▶ How to complete this task
The lines in the listing below are to be given again exactly, starting at the line holding "Radar Market: Fiji" and ending at the line holding "Widzew Lodz Formation 2011". Do not include pictures.

▶ Data
Start of Block

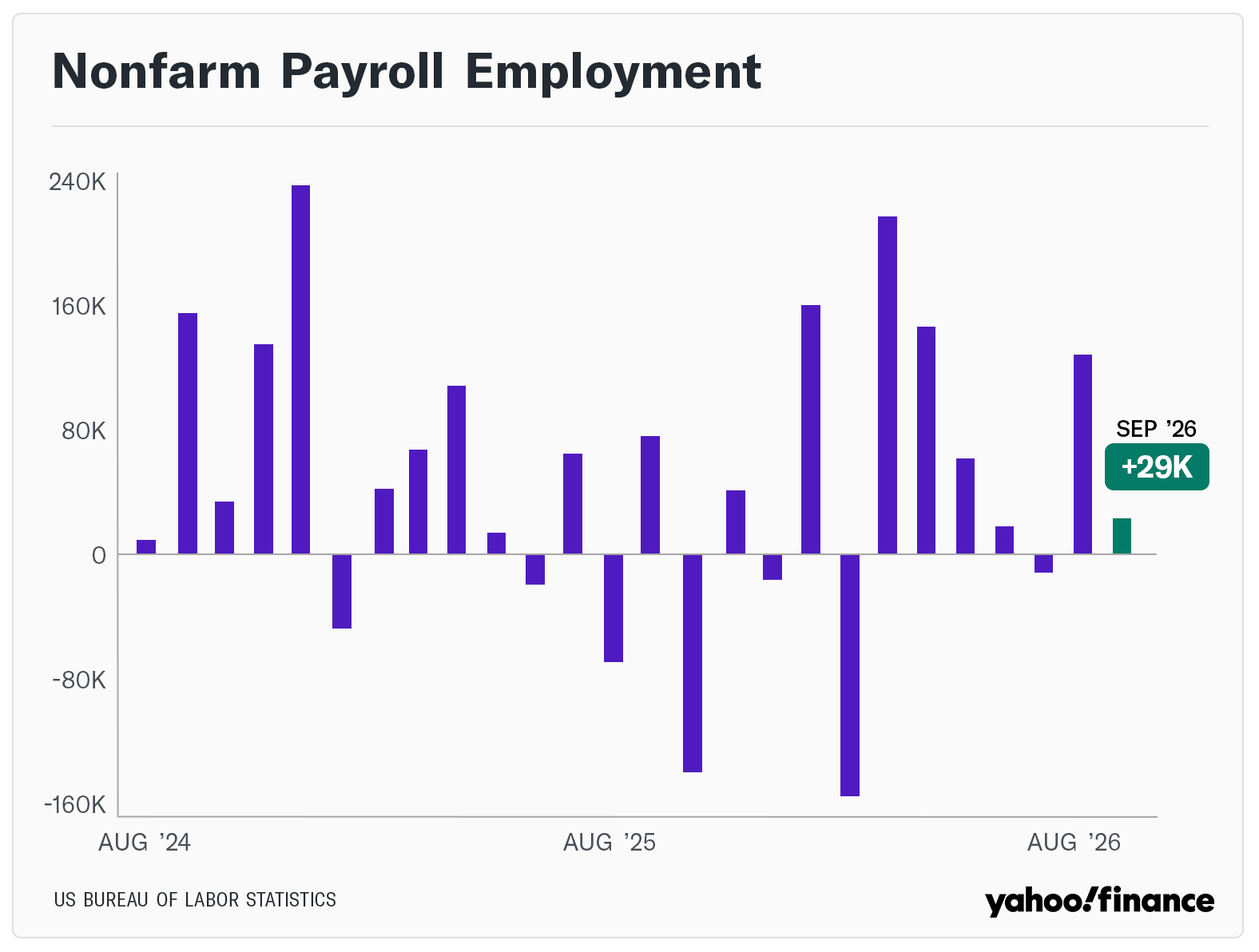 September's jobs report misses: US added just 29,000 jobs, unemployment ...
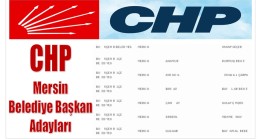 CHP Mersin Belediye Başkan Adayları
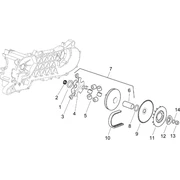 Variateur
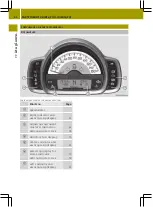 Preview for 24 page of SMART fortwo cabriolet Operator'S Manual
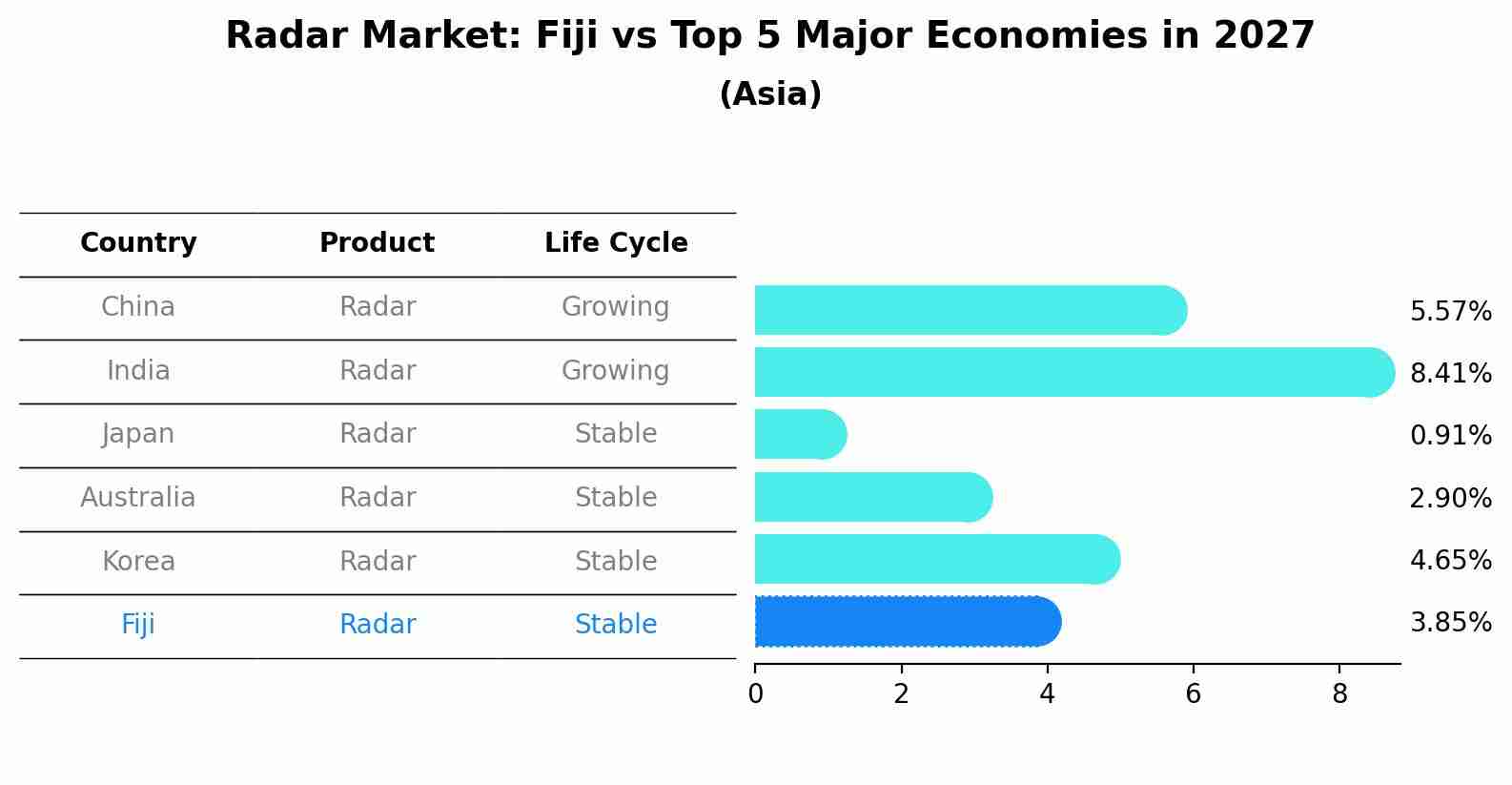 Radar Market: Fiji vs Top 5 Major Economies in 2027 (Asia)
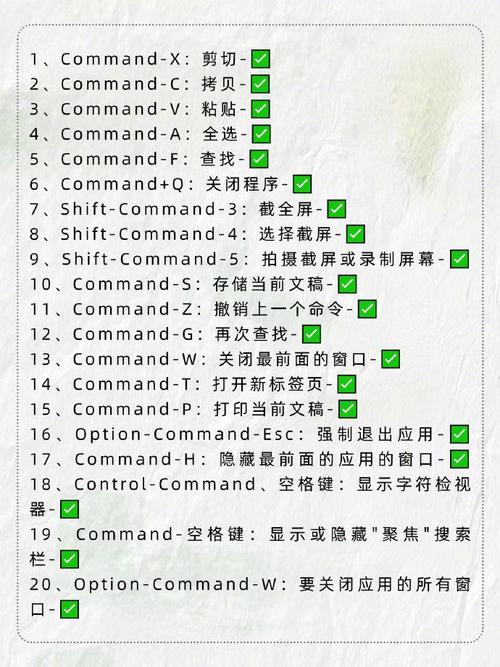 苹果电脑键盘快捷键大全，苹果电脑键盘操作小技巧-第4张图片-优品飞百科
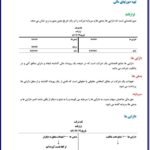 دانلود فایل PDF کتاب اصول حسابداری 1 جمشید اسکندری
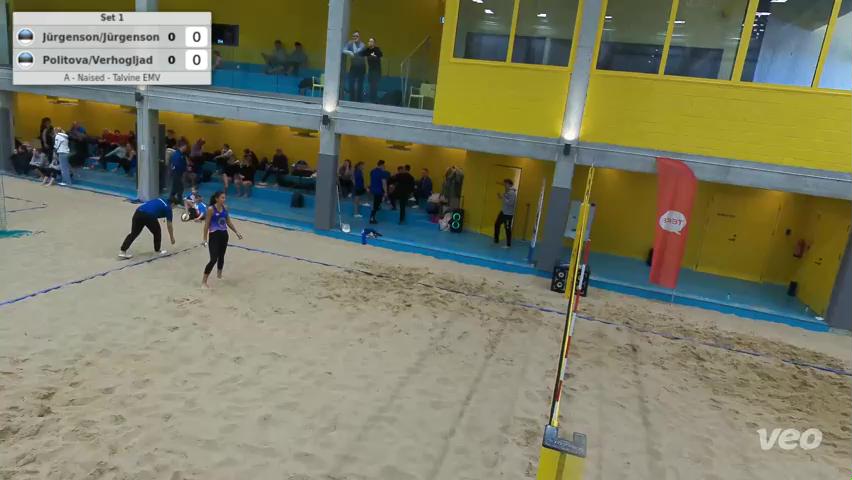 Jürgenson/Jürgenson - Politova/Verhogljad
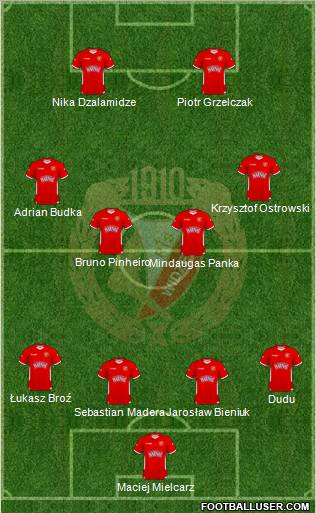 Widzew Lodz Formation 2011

End of Block
Start of Block

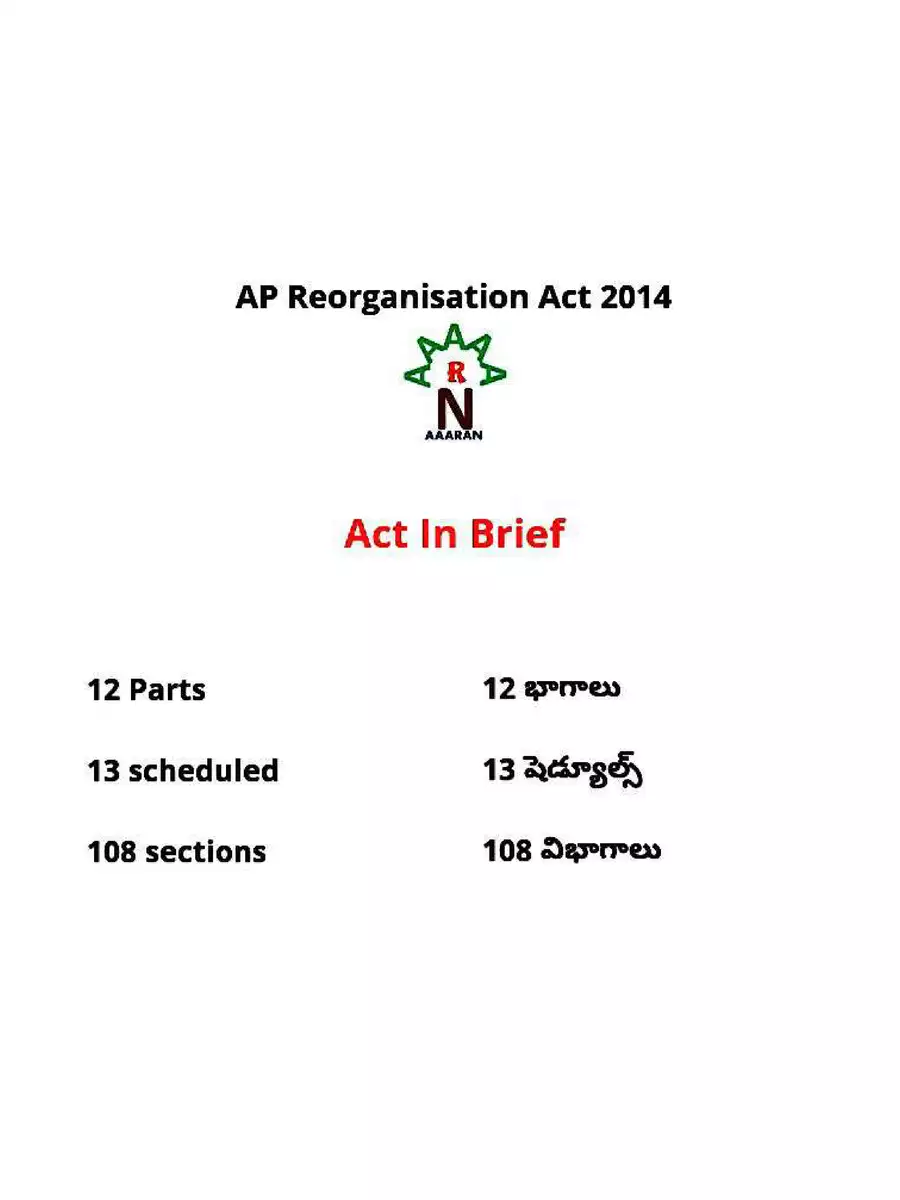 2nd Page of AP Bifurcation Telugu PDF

End of Block

▶ Task solution
 Radar Market: Fiji vs Top 5 Major Economies in 2027 (Asia)
 苹果电脑键盘快捷键大全，苹果电脑键盘操作小技巧-第4张图片-优品飞百科
 دانلود فایل PDF کتاب اصول حسابداری 1 جمشید اسکندری
 Jürgenson/Jürgenson - Politova/Verhogljad
 Widzew Lodz Formation 2011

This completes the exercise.